Quali sono i sintomi più frequenti che riscontrate in una persona contagiata da coronavirus.

“Dipende. Ci sono casi in cui il virus non è molto aggressivo e quindi tutto si riduce ad un semplice raffreddore e situazioni in cui invece la situazione si evolve ed aggrava in pochissimi giorni, quindi interveniamo intubando i pazienti per aiutarli a respirare. Questo virus è silenzioso: sta in incubazione 14 giorni, quindi in quei 14 giorni non si è coscienti di essere portatori del virus e si possono contagiare tante persone. Poi iniziano ad emergere i primi sintomi. Alcuni pazienti arrivano qui e lamentano febbre alta, che non scende sotto i 37.5 neanche con la tachipirina, difficoltà respiratorie e tosse, ma è una tosse diversa dal solito. I polmoni si riempiono di acqua e quando i pazienti tossiscono è come se stessero tossendo in mezzo all’acqua. Alcuni pazienti hanno lamentato anche rossore e bruciore agli occhi sviluppando congiuntivite.
Ovviamente la gravità della malattia dipende dal sistema di anticorpi sviluppato dai singoli contagiati, ecco perché alcune persone, anche più giovani, sviluppano la malattia in forma più aggressiva senza avere delle patologie pregresse. È chiaro che è più facile che ciò accada nei pazienti con patologie pregresse o negli anziani”.

Nadia, quando pensate che possa essere raggiunto il picco della Pandemia.

“In Lombardia il picco è atteso in questi giorni, qui in Piemonte probabilmente nel fine settimana. In Sicilia non saprei dirlo, sono tanti i fattori da tenere in considerazione ad esempio gli esodi verso il sud.
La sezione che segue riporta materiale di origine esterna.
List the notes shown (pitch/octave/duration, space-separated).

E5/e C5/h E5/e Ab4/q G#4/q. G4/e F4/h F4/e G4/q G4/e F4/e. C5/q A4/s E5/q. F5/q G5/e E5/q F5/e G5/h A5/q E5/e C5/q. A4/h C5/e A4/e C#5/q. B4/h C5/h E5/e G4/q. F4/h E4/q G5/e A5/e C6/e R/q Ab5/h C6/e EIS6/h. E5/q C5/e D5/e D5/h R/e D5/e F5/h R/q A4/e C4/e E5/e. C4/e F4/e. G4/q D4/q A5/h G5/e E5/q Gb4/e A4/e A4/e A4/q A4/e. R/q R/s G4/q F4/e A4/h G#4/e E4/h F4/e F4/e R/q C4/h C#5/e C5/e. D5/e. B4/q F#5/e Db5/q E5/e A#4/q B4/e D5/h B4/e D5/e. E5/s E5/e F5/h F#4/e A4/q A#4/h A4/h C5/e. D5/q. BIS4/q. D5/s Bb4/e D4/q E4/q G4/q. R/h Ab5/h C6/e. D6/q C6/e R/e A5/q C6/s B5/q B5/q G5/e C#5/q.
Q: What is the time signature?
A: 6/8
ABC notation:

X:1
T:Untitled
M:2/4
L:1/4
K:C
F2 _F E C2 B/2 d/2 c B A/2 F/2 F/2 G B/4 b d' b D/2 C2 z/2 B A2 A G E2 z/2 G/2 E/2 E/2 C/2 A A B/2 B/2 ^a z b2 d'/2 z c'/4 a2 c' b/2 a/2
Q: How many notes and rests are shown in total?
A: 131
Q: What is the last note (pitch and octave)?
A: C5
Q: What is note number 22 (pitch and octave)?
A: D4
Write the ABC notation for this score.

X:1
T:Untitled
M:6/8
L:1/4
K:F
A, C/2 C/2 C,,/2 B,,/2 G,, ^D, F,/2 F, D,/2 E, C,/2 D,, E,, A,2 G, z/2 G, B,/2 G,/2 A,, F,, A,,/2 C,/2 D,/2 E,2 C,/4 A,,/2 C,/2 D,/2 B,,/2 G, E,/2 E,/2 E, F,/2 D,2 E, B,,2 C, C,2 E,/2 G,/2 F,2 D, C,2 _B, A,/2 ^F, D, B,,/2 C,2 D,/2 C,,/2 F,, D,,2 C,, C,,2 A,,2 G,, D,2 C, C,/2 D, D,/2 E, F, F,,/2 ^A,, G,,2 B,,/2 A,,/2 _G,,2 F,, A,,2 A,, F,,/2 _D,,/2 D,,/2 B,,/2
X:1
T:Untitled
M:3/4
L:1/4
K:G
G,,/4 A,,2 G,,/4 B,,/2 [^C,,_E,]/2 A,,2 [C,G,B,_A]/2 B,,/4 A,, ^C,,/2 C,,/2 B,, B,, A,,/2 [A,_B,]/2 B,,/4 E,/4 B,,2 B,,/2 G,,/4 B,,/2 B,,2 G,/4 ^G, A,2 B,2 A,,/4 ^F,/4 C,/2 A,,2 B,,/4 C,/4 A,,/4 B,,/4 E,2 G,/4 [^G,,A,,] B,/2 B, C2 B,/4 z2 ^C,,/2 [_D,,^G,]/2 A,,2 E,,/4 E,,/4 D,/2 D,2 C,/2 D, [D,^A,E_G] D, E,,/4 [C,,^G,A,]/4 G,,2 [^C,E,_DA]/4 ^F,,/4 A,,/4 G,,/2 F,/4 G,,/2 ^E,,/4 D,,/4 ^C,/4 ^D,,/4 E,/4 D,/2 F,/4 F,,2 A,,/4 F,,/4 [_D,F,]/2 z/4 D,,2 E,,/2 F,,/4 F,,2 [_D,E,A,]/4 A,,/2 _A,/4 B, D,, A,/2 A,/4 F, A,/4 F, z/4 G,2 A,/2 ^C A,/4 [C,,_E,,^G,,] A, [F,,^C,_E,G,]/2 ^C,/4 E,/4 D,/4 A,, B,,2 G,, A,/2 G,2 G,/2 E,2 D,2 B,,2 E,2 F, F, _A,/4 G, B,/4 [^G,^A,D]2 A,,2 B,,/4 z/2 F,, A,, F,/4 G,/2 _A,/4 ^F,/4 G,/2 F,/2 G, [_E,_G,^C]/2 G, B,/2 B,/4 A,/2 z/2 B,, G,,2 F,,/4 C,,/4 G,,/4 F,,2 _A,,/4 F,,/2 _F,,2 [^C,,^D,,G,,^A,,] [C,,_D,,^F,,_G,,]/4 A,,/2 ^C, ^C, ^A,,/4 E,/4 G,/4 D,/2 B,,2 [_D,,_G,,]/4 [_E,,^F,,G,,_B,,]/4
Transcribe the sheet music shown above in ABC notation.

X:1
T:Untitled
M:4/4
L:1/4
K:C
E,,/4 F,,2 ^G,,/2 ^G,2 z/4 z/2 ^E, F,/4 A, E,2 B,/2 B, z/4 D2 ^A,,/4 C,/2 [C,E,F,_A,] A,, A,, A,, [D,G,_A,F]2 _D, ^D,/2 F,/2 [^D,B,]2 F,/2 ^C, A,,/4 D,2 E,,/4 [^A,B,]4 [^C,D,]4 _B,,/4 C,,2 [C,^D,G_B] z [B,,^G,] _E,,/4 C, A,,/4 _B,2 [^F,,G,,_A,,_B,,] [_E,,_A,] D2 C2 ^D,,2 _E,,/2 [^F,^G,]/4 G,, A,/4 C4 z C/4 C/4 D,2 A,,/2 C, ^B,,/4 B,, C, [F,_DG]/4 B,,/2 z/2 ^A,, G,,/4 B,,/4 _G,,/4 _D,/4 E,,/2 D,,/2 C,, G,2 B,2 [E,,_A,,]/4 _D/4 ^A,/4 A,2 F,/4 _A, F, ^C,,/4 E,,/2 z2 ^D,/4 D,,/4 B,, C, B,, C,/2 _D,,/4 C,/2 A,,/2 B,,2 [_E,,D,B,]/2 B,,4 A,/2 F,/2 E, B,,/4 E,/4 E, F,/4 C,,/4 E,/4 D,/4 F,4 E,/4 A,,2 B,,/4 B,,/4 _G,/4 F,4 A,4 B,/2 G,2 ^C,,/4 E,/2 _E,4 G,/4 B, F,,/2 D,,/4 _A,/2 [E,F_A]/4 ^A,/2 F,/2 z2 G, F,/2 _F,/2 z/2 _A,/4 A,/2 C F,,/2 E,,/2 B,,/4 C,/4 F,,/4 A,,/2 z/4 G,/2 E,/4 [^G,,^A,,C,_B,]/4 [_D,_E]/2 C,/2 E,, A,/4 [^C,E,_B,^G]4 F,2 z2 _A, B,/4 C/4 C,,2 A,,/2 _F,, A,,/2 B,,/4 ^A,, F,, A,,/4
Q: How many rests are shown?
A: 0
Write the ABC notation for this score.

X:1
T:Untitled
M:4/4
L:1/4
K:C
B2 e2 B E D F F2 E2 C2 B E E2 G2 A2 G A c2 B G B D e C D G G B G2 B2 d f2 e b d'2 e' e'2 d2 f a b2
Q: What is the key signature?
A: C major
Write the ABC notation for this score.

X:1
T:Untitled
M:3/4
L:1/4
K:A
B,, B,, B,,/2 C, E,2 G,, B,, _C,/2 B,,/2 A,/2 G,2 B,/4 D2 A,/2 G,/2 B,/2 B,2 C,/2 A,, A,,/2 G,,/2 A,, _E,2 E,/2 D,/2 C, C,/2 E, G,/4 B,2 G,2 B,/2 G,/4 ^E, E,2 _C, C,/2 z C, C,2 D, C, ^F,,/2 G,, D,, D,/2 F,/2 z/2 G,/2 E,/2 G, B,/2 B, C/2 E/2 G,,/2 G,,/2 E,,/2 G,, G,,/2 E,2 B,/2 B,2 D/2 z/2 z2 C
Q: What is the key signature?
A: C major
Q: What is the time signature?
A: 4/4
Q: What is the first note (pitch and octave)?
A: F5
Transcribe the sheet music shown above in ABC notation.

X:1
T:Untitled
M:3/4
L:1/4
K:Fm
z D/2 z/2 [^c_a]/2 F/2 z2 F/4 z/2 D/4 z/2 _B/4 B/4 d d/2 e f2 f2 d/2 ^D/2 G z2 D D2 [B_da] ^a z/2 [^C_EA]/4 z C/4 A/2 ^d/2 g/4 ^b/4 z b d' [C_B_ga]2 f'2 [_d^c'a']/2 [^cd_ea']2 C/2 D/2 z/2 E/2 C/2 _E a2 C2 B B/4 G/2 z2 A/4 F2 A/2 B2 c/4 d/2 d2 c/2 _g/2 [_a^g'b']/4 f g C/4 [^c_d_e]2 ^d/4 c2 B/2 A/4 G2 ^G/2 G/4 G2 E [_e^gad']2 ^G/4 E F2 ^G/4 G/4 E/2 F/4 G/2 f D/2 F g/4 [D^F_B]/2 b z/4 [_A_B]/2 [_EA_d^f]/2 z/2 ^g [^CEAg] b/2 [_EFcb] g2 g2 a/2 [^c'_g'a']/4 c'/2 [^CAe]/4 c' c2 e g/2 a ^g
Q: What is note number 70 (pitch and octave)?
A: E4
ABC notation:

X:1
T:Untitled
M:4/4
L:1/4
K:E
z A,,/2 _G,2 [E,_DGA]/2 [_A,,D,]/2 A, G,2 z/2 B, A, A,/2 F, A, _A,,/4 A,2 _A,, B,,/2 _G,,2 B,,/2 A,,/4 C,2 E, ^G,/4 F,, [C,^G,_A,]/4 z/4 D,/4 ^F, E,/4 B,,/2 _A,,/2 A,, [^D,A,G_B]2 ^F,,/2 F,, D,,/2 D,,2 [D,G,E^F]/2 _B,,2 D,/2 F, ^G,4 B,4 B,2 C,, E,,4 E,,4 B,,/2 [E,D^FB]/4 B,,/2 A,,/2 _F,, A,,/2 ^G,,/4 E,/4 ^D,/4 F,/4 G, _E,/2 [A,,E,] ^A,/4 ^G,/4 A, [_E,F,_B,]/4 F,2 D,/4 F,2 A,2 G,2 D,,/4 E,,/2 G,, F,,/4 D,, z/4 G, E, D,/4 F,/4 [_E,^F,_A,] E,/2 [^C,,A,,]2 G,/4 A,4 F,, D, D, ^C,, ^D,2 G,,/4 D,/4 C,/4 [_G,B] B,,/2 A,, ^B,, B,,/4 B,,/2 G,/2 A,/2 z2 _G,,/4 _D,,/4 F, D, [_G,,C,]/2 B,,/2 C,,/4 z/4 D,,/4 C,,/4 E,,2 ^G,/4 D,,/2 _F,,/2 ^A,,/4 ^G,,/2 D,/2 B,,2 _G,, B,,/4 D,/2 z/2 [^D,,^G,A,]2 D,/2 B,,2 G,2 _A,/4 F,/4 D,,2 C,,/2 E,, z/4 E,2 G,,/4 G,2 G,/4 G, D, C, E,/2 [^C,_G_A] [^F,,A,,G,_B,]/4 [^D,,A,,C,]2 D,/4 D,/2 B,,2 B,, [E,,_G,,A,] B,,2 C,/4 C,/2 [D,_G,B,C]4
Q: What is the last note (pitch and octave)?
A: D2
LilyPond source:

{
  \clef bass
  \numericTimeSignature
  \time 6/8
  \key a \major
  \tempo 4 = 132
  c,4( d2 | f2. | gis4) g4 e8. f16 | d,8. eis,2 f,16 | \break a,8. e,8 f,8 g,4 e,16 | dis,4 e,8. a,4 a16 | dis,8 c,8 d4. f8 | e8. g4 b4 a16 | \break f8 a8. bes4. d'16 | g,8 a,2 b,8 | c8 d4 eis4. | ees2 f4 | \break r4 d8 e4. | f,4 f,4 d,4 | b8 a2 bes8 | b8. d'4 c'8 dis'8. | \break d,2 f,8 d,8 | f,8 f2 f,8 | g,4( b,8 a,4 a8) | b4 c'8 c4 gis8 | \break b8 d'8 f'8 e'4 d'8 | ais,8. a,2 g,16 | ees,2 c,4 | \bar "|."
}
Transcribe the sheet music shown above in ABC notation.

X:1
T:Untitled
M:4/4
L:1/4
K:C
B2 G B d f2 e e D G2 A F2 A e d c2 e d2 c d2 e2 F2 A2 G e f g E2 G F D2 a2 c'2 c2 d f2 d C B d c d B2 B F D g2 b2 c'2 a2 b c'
Più o meno tra 14 giorni si potrà dire se le misure adottate hanno dato gli effetti sperati. Comunque il Presidente Musumeci, penso, abbia fatto bene a chiudere tutto, forse si poteva fare pure prima ma credo si sia fatto affidamento più sul buon senso delle persone.
Noi qui siamo relativamente fortunati, ci sono anche i privati che stanno bene economicamente che stanno contribuendo, facendo delle donazioni alla sanità; in Sicilia, la situazione è molto diversa, non è semplice che si verifichi questa possibilità”.

Nadia qual è il tuo timore più grande legato all’esperienza della pandemia di Coronavirus.

“Il mio timore è che ci si possa abituare a non avere o sentire più il contatto umano. Dopo la fine dell’emergenza, in un modo o nell’altro, nulla sarà come prima”.

Ti va di chiudere questa testimonianza, con un consiglio o un monito ai siciliani.

“Occorre non sottovalutare la possibilità di contrarre il virus. Nessuno può dirsi al sicuro. È necessario rispettare le regole quindi oltre a restare a casa ed uscire solo per lo stretto necessario, lavarsi spesso le mani, tenersi a distanza dagli altri. Consiglio anche di igenizzare casa con amuchina o candeggina e soprattutto lasciare le scarpe fuori dalla porta di casa. In questo momento bisogna essere rigorosi e seri”.